§ Listed records

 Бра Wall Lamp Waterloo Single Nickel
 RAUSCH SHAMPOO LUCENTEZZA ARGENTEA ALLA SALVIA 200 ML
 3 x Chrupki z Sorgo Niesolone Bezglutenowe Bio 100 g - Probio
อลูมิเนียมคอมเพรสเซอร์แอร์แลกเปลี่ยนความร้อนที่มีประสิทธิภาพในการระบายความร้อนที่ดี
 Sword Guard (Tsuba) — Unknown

* * *

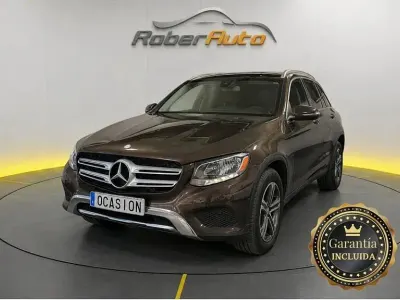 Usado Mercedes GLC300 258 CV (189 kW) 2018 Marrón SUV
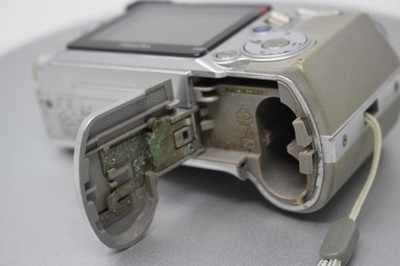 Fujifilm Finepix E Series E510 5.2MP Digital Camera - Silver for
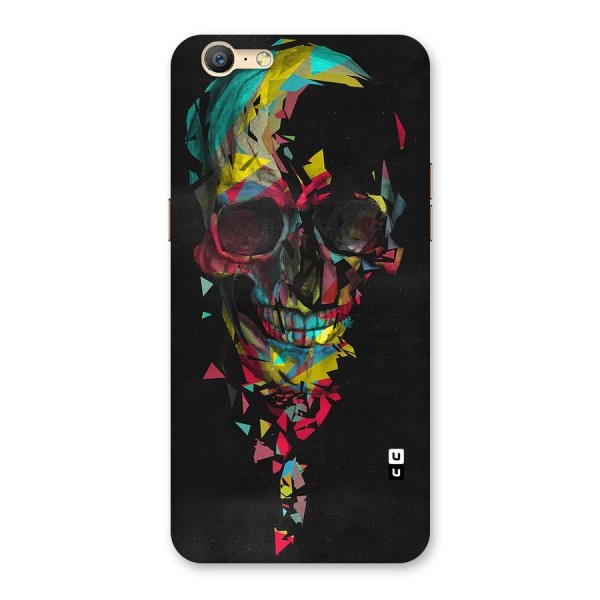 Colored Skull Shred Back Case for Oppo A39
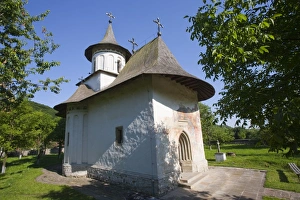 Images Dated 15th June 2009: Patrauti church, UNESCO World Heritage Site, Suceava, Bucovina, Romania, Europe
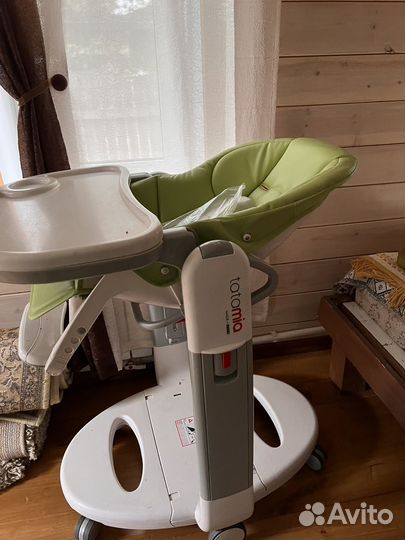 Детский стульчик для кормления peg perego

§ About this task
Reproduce exactly the section above that begins at the line containing "3 x Chrupki" and ends at the line containing "Sword Guard (Tsuba) — Unknown", leaving out all other lines.

§ Expected output
 3 x Chrupki z Sorgo Niesolone Bezglutenowe Bio 100 g - Probio
อลูมิเนียมคอมเพรสเซอร์แอร์แลกเปลี่ยนความร้อนที่มีประสิทธิภาพในการระบายความร้อนที่ดี
 Sword Guard (Tsuba) — Unknown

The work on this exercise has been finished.